In the late 19th century with the discovery of the electron, and in the early 20th century, with the Geiger–Marsden experiment discovery of the atomic nucleus, and the birth of particle physics, matter was seen as made up of electrons, protons and neutrons
interacting to form atoms. There then developed an entire literature
concerning the "structure of matter", ranging from the "electrical
structure" in the early 20th century,
to the more recent "quark structure of matter", introduced as early as
1992 by Jacob with the remark: "Understanding the quark structure of
matter has been one of the most important advances in contemporary
physics." In this connection, physicists speak of matter fields, and speak of particles as "quantum excitations of a mode of the matter field".
And here is a quote from de Sabbata and Gasperini: "With the word
'matter' we denote, in this context, the sources of the interactions,
that is spinor fields (like quarks and leptons), which are believed to be the fundamental components of matter, or scalar fields, like the Higgs particles, which are used to introduced mass in a gauge theory (and that, however, could be composed of more fundamental fermionfields)."
Protons and neutrons however are not indivisible: they can be divided into quarks. And electrons are part of a particle family called leptons. Both quarks and leptons are elementary particles, and were in 2004 seen by authors of an undergraduate text as being the fundamental constituents of matter.
These quarks and leptons interact through four fundamental forces: gravity, electromagnetism, weak interactions, and strong interactions. The Standard Model
of particle physics is currently the best explanation for all of
physics, but despite decades of efforts, gravity cannot yet be accounted
for at the quantum level; it is only described by classical physics (see Quantum gravity and Graviton) to the frustration of theoreticians like Stephen Hawking. Interactions between quarks and leptons are the result of an exchange of force-carrying particles such as photons between quarks and leptons.
The force-carrying particles are not themselves building blocks. As one
consequence, mass and energy (which to our present knowledge cannot be
created or destroyed) cannot always be related to matter (which can be
created out of non-matter particles such as photons, or even out of pure
energy, such as kinetic energy). Force mediators are usually not considered matter: the mediators of the electric force (photons) possess energy (see Planck relation) and the mediators of the weak force (W and Z bosons) have mass, but neither are considered matter either. However, while these quanta are not considered matter, they do contribute to the total mass of atoms, subatomic particles, and all systems that contain them.
Summary
The modern conception of matter has been refined many times in history, in light of the improvement in knowledge of just what the basic building blocks are, and in how they interact.
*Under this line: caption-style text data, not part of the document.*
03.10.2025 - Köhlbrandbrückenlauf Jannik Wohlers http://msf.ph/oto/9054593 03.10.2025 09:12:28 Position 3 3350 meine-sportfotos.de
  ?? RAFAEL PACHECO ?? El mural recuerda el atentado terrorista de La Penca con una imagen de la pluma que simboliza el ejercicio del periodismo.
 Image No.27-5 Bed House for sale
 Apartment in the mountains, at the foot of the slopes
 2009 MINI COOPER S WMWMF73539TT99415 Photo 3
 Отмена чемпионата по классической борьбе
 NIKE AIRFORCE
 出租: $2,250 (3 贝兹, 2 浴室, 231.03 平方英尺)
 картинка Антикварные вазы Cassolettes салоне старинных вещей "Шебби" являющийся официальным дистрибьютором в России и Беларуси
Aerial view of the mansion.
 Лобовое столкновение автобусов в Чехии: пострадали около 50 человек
The term "matter" is used throughout physics in a wide variety of contexts: for example, one refers to "condensed matter physics", "elementary matter", "partonic" matter, "dark" matter, "anti"-matter, "strange" matter, and "nuclear" matter. In discussions of matter and antimatter, the former has been referred to by Alfvén as koinomatter (Gk. common matter). It is fair to say that in physics,
there is no broad consensus as to a general definition of matter, and
the term "matter" usually is used in conjunction with a specifying
modifier.
The history of the concept of matter is a history of the fundamental length scales
used to define matter. Different building blocks apply depending upon
whether one defines matter on an atomic or elementary particle level.
One may use a definition that matter is atoms, or that matter is hadrons, or that matter is leptons and quarks depending upon the scale at which one wishes to define matter.